Iran's defense strategy

Washington Times:

Iran has begun preparing for a possible U.S. attack, announcing efforts to bolster and mobilize recruits in citizens' militias and making plans to engage in the type of "asymmetrical" warfare used against American troops in neighboring Iraq.
"Iran would respond within 15 minutes to any attack by the United States or any other country," an Iranian official close to the hard-line camp, which runs the country's security and military apparatus, said on the condition of anonymity.

...

In recent days, Iranian newspapers have announced efforts to increase the number of the country's 7-million-strong "Basiji" militia forces, which were deployed in human wave attacks against Saddam Hussein during the Iran-Iraq war of the 1980s.
Iranian military authorities have paraded long-range North Korean-designed Shahab missiles before television cameras.
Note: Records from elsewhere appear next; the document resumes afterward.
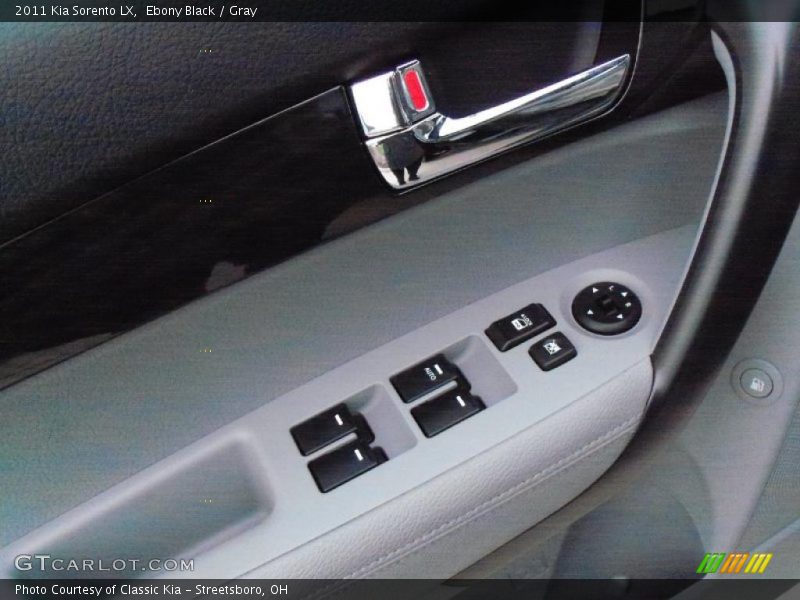 Ebony Black / Gray 2011 Kia Sorento LX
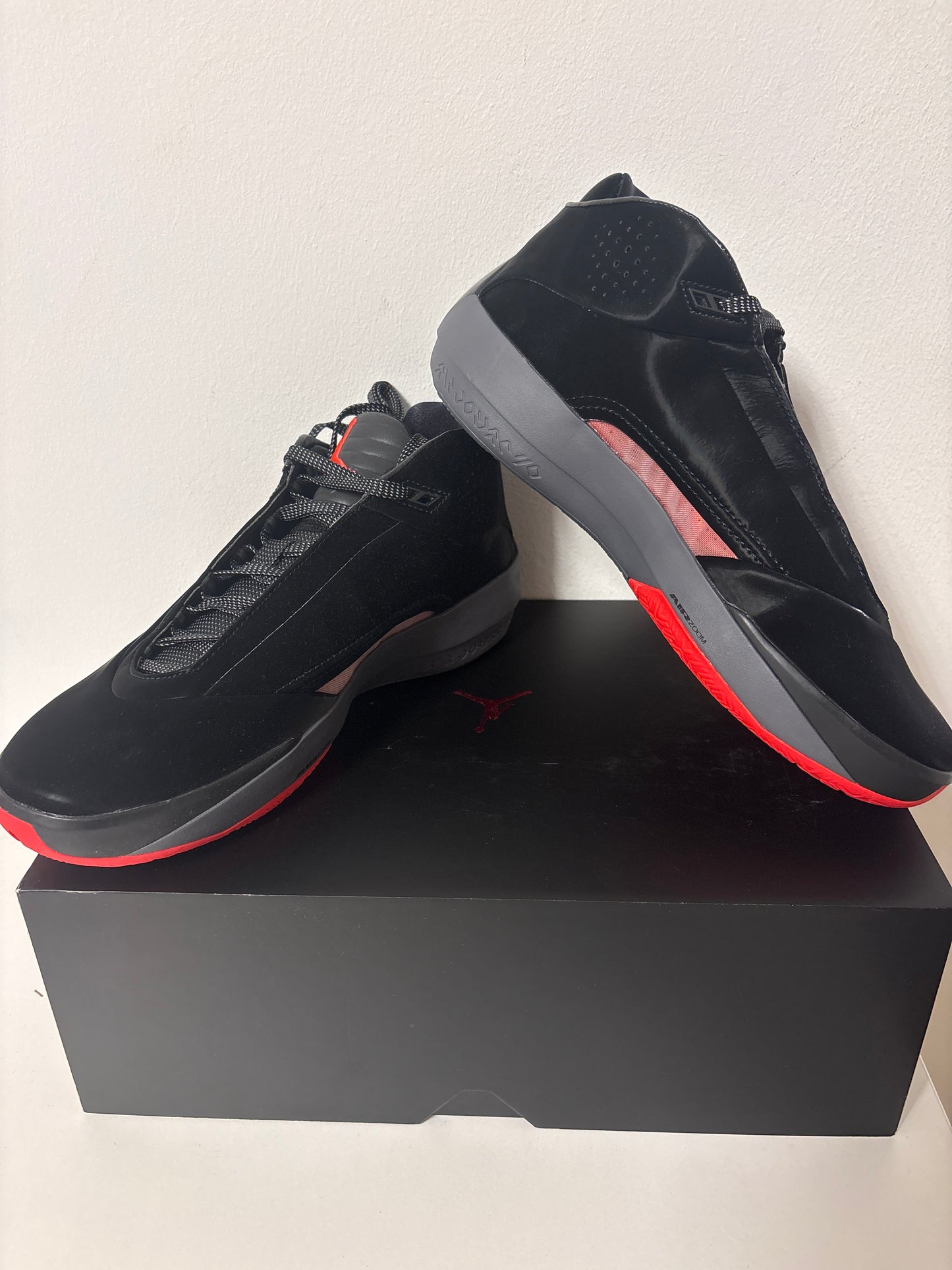 Nike Air Jordan 40, Größe 42,5 in schwarz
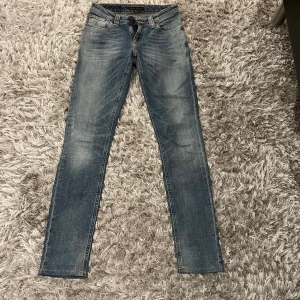 Nudie jeans - Inte använt många gånger därför jag säljer dem.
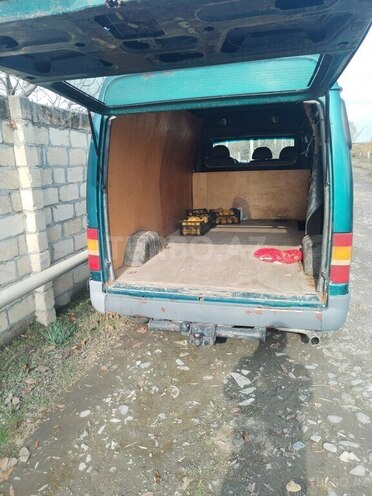 Ford Transit-6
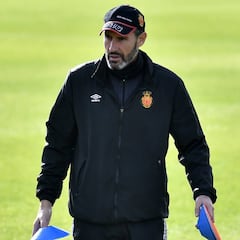 Vicente Moreno: "Por calidad, historia y presupuesto, se hace raro ver al Betis ahí abajo"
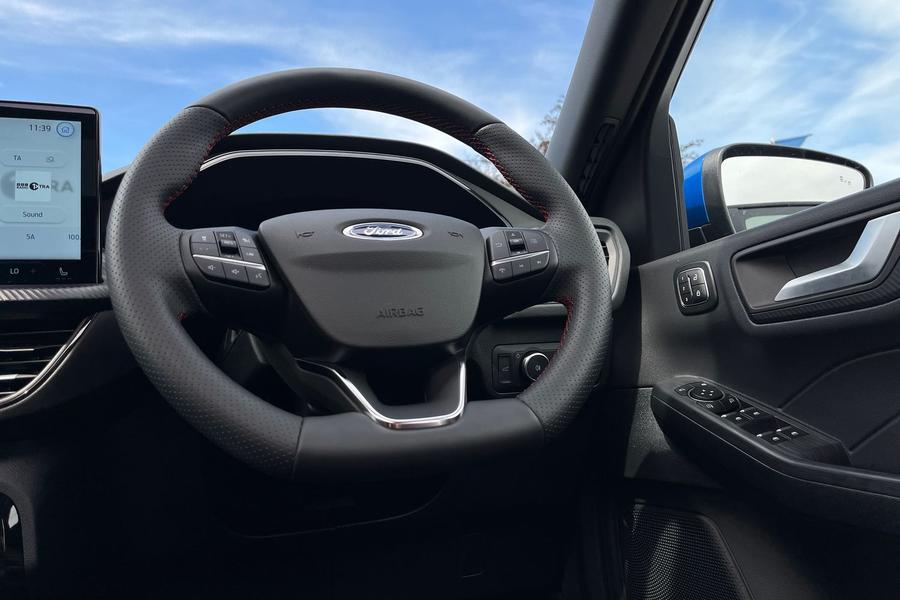 Ford Kuga Photo autoimg-ddf3e55edc111fdb19b037842eaf079bc4c5cc63.jpg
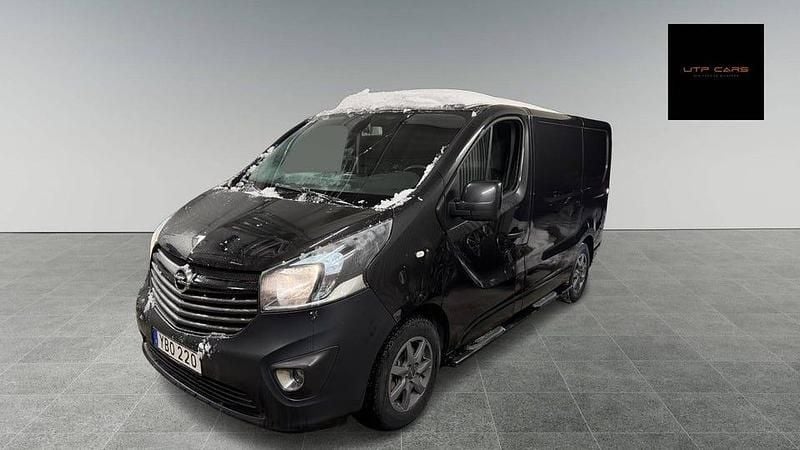 Svart Begagnad 2016 Opel Vivaro Minibuss | 94 500 kr (Marknadspris) - Bild 1/4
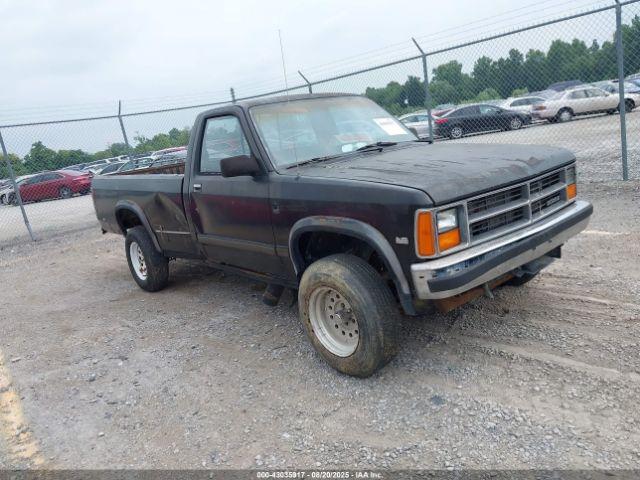 Salvage Dodge Dakota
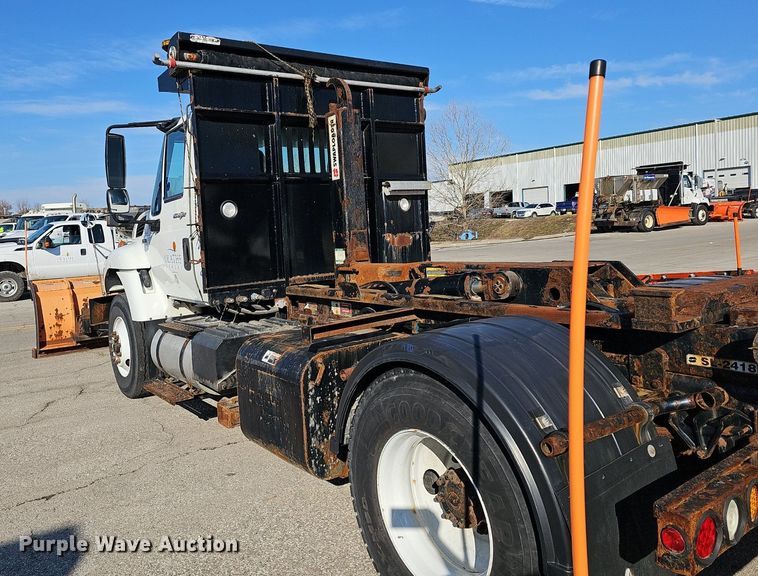 image for item DR5992 2012 International WorkStar 7400 hook lift truck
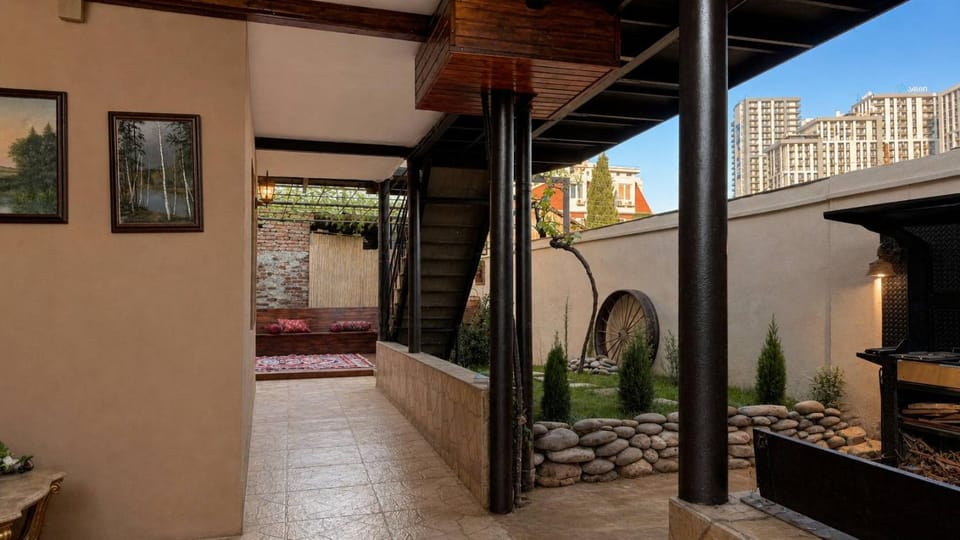 Grape yard - Guest House in Tbilisi Bed and Breakfast in Tbilisi, Georgia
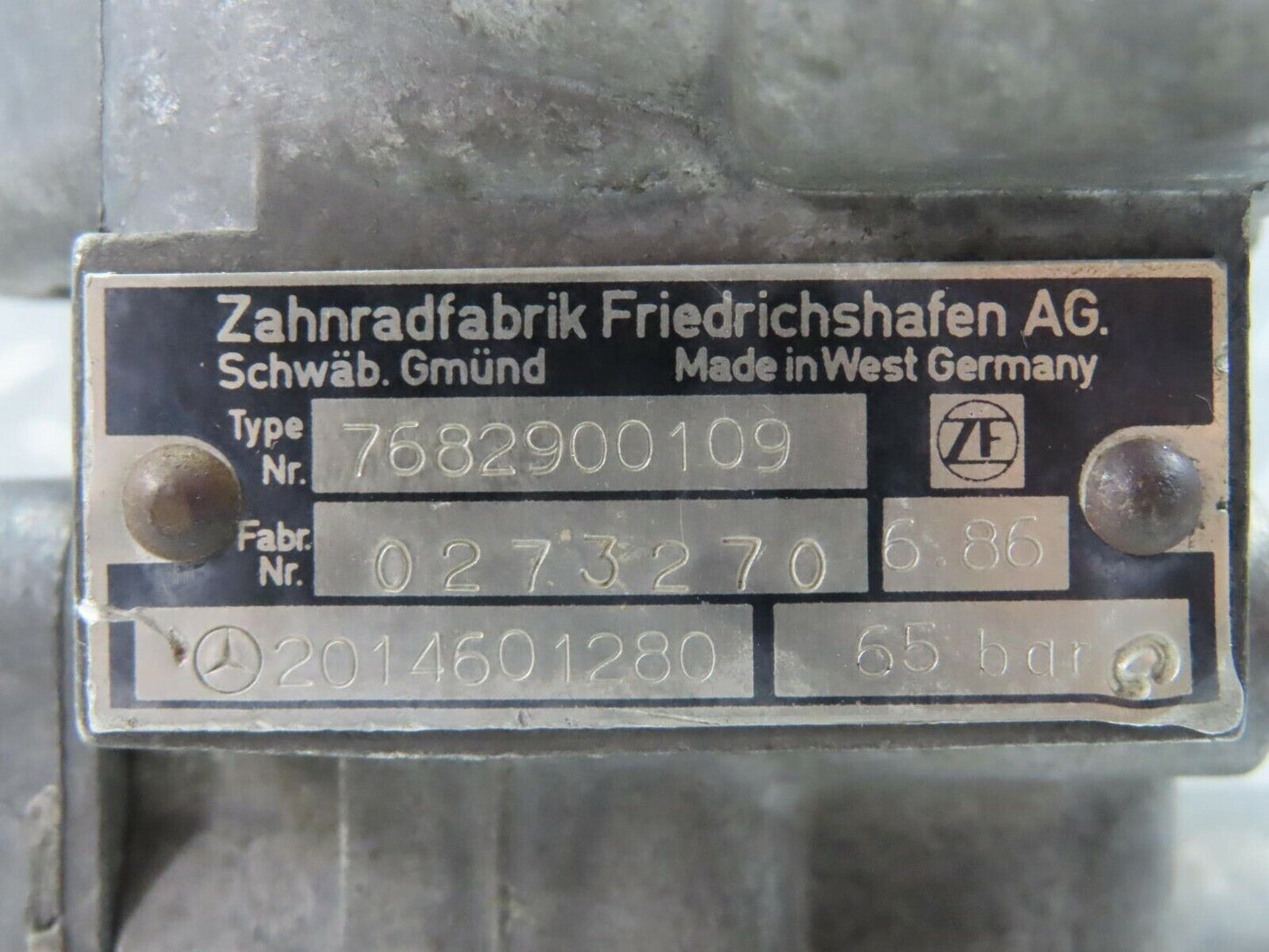 8285 Mercedes-Benz W201 Power Steering Pump 2014601280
Iranian generals have conducted massive war games near the Iraqi border.
One Western military expert based in Tehran said Iran was sharpening its abilities to wage a guerrilla war.
"Over the last year they've developed their tactics of asymmetrical war, which would aim not at resisting a penetration of foreign forces, but to then use them on the ground to all kinds of harmful effect," he said on the condition of anonymity.
It remains unclear how much of the recent military activity amounts to an actual mobilization and how much is a propaganda ploy.
Iranian officials and analysts have said they want to highlight the potential costs of an attack on Iran to raise the stakes for U.S. officials considering such a move and to frighten a war-weary American public.
"Right now it's a psychological war," said Nasser Hadian, a University of Tehran political science professor who recently returned from a three-year stint as a scholar at New York's Columbia University.
"If America decides to attack, the only ones who could stop it are Iranians," he said. "Pressure from other countries and inside America is important, but it won't prevent an attack. The only thing that will prevent an attack is that if America knows it will pay a heavy price."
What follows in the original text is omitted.